Optimal design and operation of HMs removal from soil by EDDS enhanced washing
The subject of the present research work is the optimization of soil-washing processes applied to heavy metal contaminated soils.
The work focuses on the whole cycle of the soil washing technology, including the possible recovery and the proper disposal of the used washing solution.
Both the design and the exploitation of a soil washing treatment are investigated, in order to maximize their efficacy, in terms of cost and process efficiency. At this aim process parameters and reactor configurations are studied in details through lab-scale tests, and the observed kinetics are simulated through mathematical modeling.
Soil samples used for the experimental activity were collected from an agricultural field located in Southern Italy, mainly contaminated by copper.
Among several Aminopolycarboxylate (APC) chelating agents, Ethylenediamine-N,N’-disuccinic acid (EDDS) was selected, for its recognized biodegradability, widely reported in literature, and its efficiency as extracting agent towards several heavy metals, including Cu that was selected as main model metal in this thesis.
Literature review allowed determining the two most important process parameters to be investigated for washing optimization.
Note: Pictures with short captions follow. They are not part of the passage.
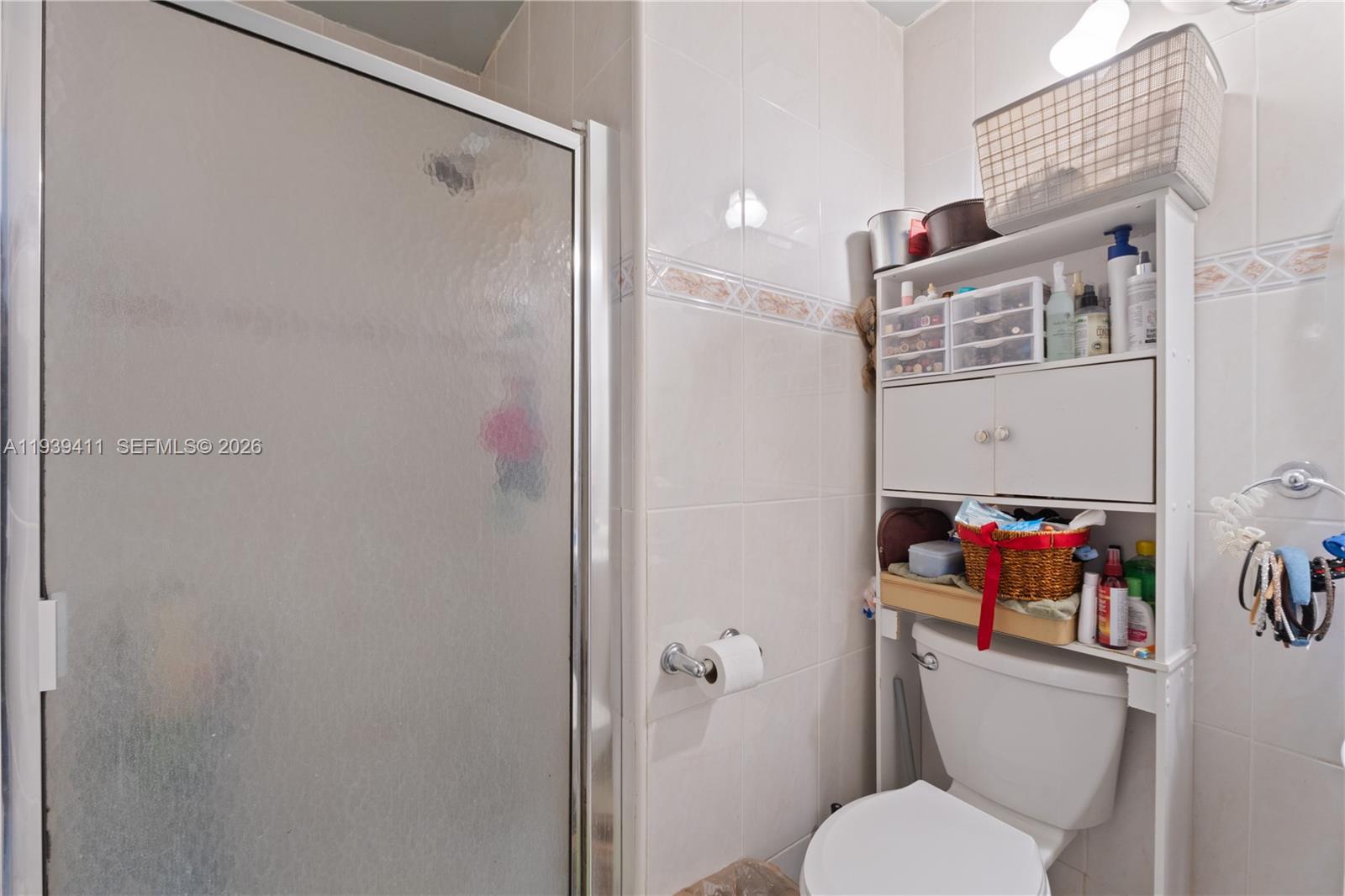 8480 Southwest 156th Place, Unit 620 Miami, FL 33193 - Photo 15 of 23 a white toilet sitting next to a bathroom sink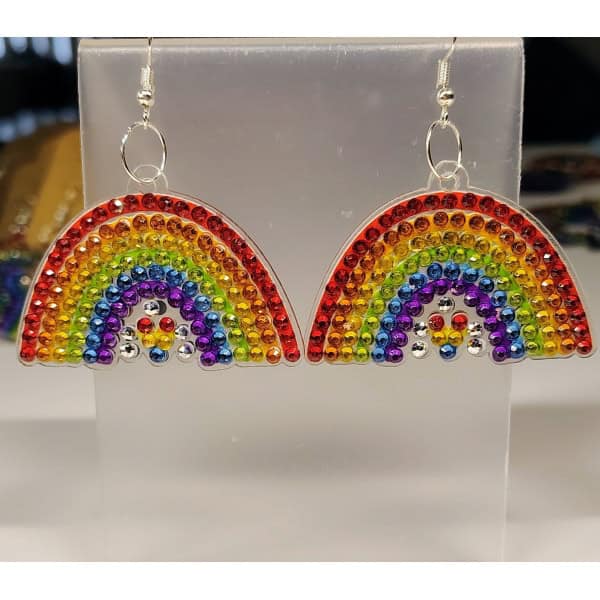 Rainbow earrings with multicolored rhinestones on silver hooks, displayed on a white background.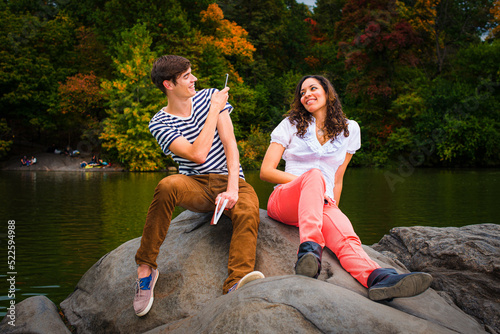 Obraz na płótnie Young couple making fun by a lake in a park. Guy wearing a striped t shirt, brown pants, sneakers, holding a book, taking a picture. Girl dressing in white top, red pants, boot shoes, smiling. . w salonie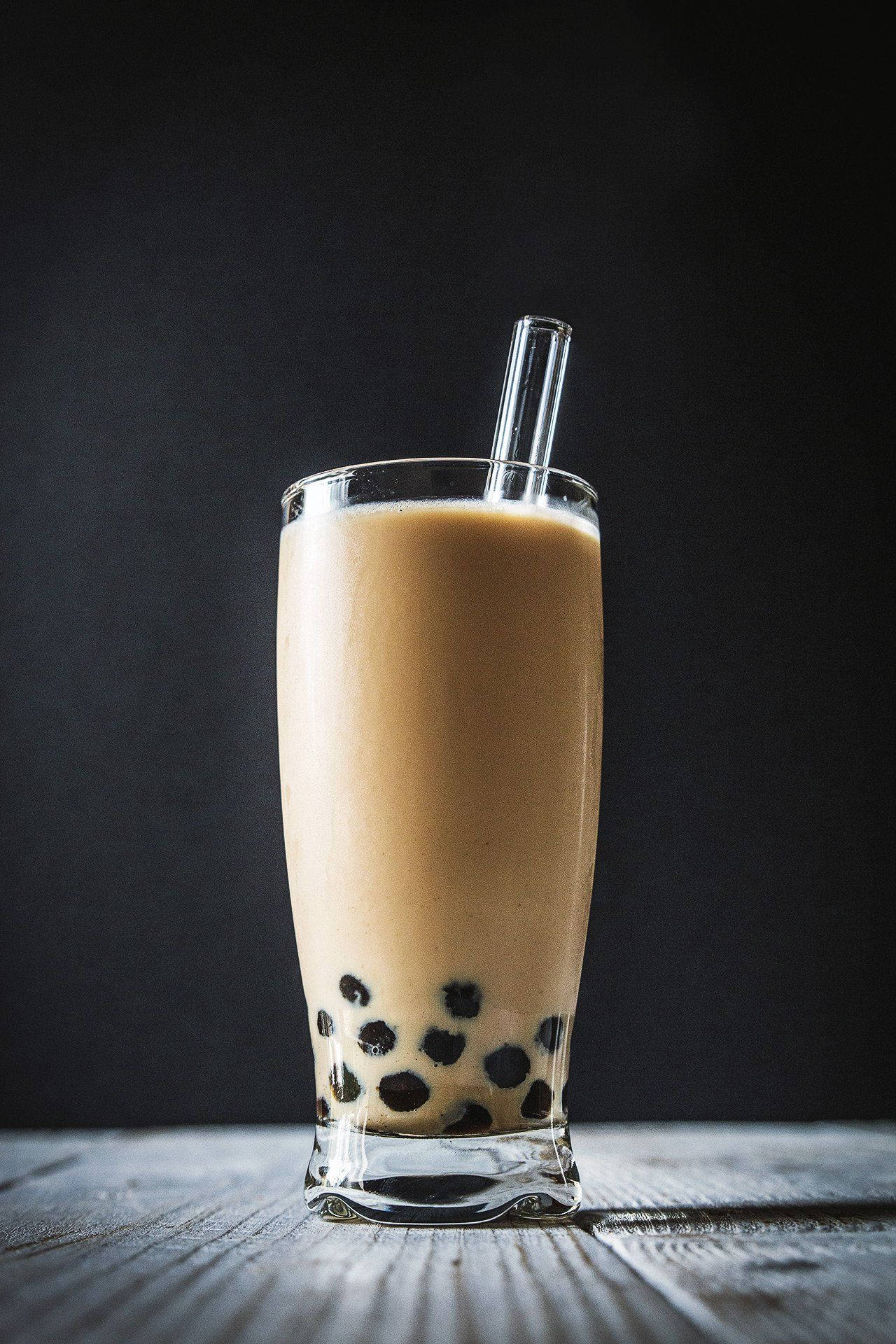Bubble 桌布 壁紙 — 一杯高身的奶油泡泡茶搭配黑色木薯珍珠，放在深色背景的鄉村風格木桌上。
The two parameters were identified as EDDS:Cu molar ratio and liquid to soil ratio (L/S). In order to investigate the effect of these parameters on process kinetics and Cu extraction yield, batch washing tests in completely stirred tank reactor configuration (CSTR) were carried out.
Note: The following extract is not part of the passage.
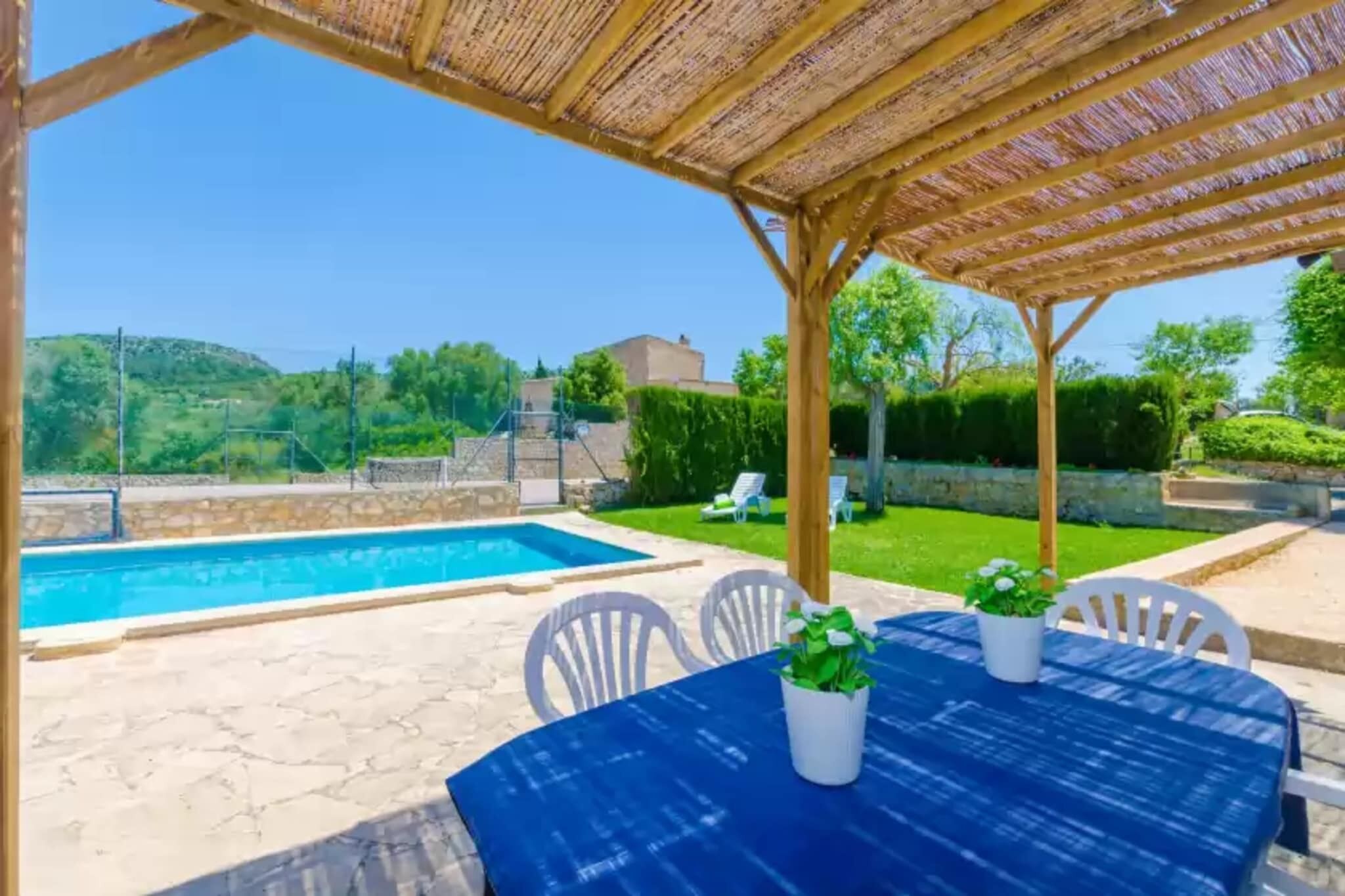 A covered outdoor area with a pool, white chairs, and a table with potted plants.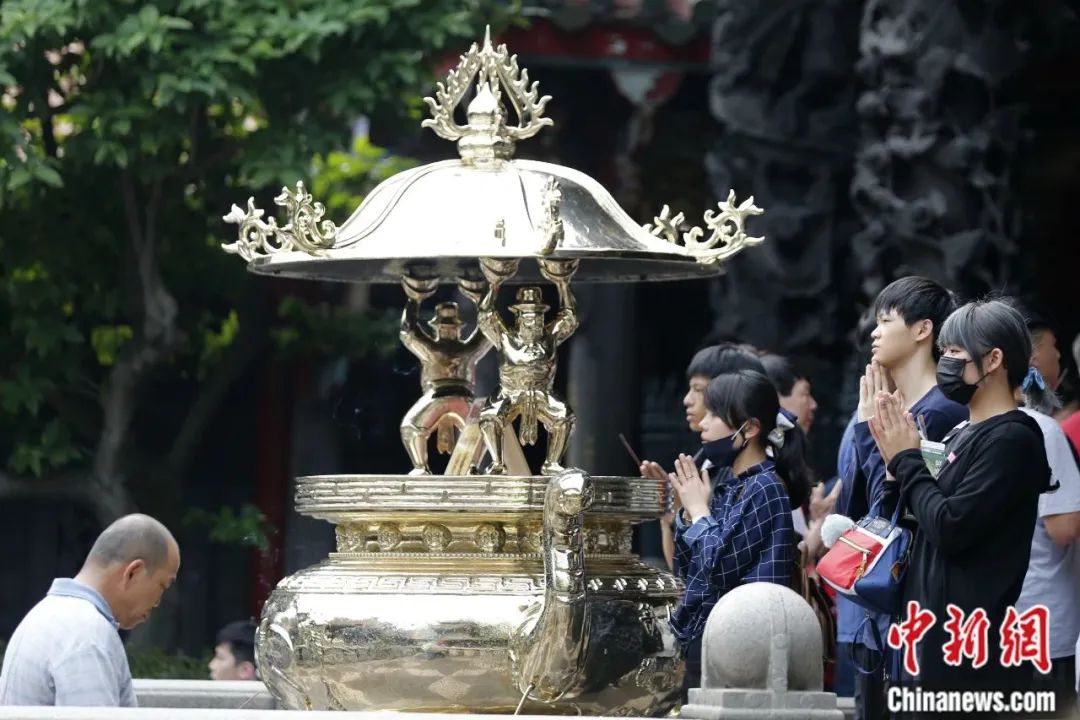 资料图:台北龙山寺内,信众有的持一柱香祈福,有的双手合掌行礼。中新社记者 陈小愿 摄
EDDS:Cu molar ratio increase was found to be able to enhance process efficiency more than L/S increase. Batch tests clearly displayed a first fast kinetic step at the beginning of the treatment, followed by a second slower kinetic extraction step, which lasted until the end of the treatment. According to this observation, an empirical mathematical model based on two-kinetic terms was formulated. Model parameters were firstly calibrated and then validated using two different sets of experimental data. The derived mathematical model was useful to assess the validity of the twokinetic steps process hypothesis, and to provide a tool for process efficiency prediction depending on EDDS:Cu molar ratio and treatment time.
Exploitation costs of the process were minimized studying different treatment configurations. In details two Plug-Flow configurations were analyzed and compared to the CSTR one. The two PlugFlow configurations were simulated using several reactors in series, varying the hydraulic retention time of the reactors, and fractionating the injection of the washing solution. Achieved results displayed improvements in terms of Cu extraction yield and process kinetics for the tested PlugFlow conditions compared to the CSTR one, and showed that the use of a Plug-Flow reactor allows to reduce the amount of required washing solution.
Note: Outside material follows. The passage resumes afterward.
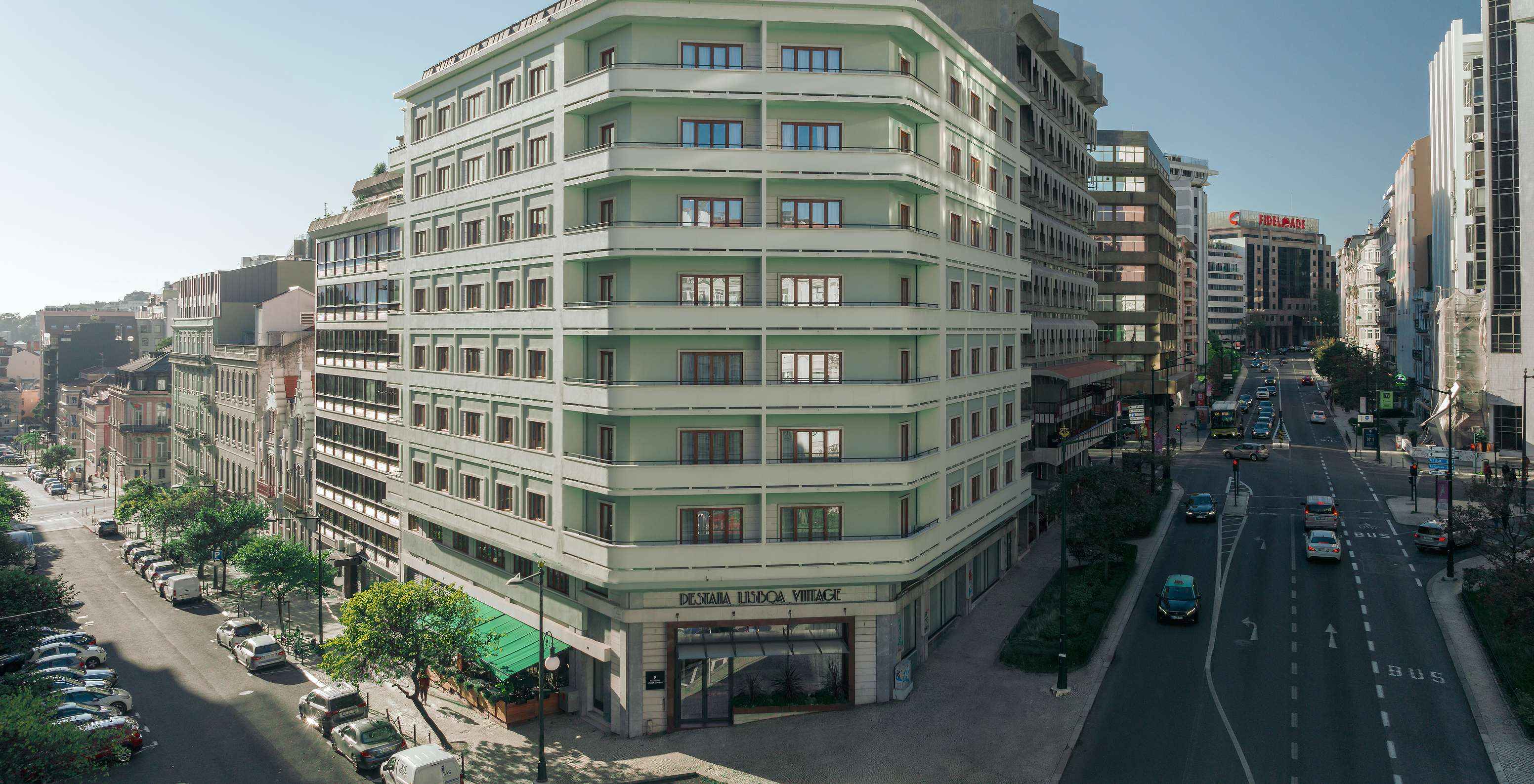 Exterior view of the green Pestana Lisboa Vintage building, with tree-lined side streets and cars on the road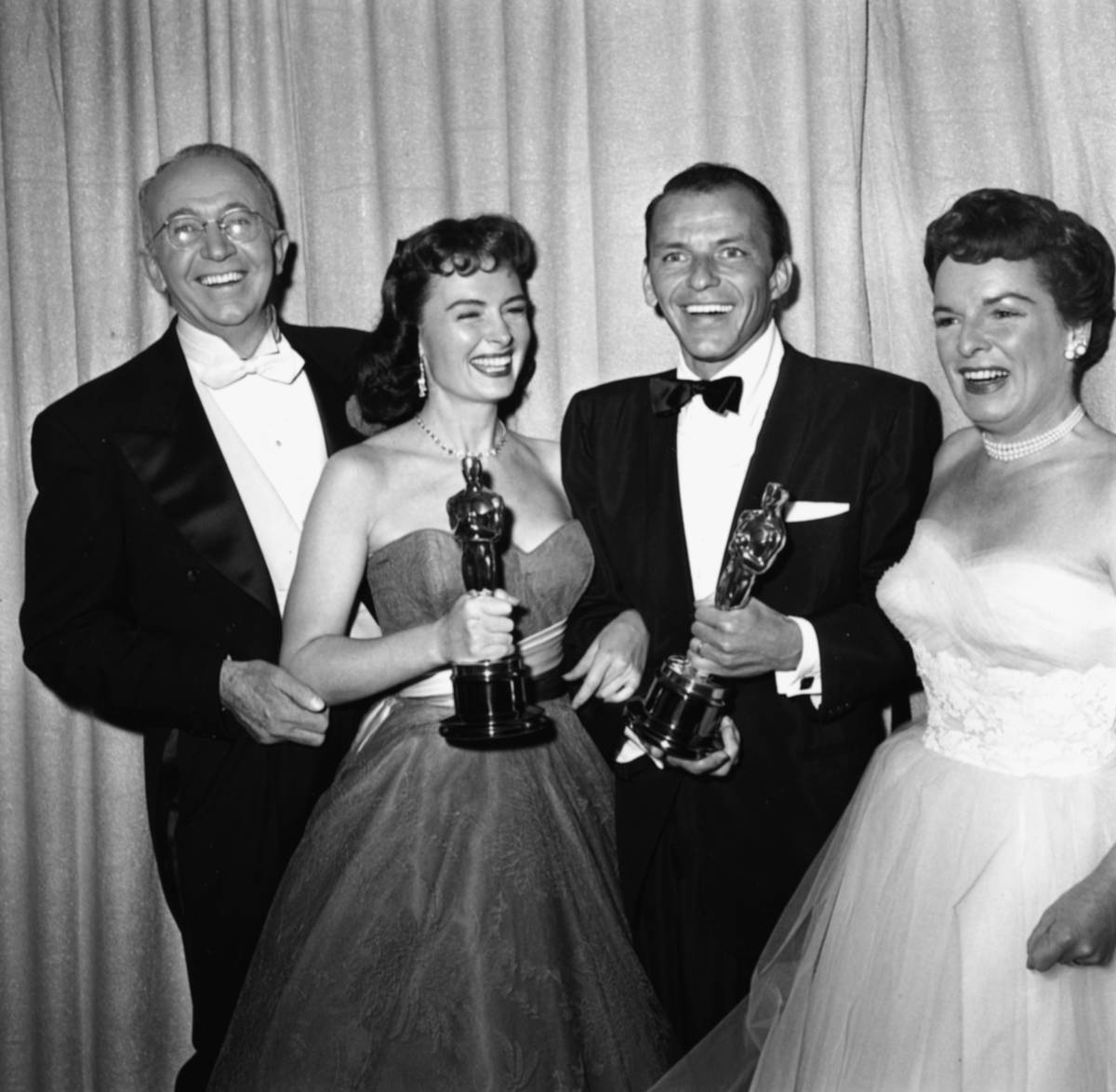 Actors Frank Sinatra (second right) and Donna Reed (second left) holding their supporting actor Oscars, both for the film 'From Here to Eternity', with presenters Walter Brennan and Mercedes McCambridge, at the 26th Academy Awards, March 25th 1954.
Finally, an electrochemical process was tested for the treatment and the recovery of the spent EDDS solution. Batch tests were carried out to optimize electrochemical process parameters (e.g. current density, washing solution pH and conductivity). The recovered solution was also used for a multiwashing test. Results proved the effectiveness of the electrochemical treatment for EDDS solution recovery and its potential application as technique for EDDS-enhanced soil washing costs reduction.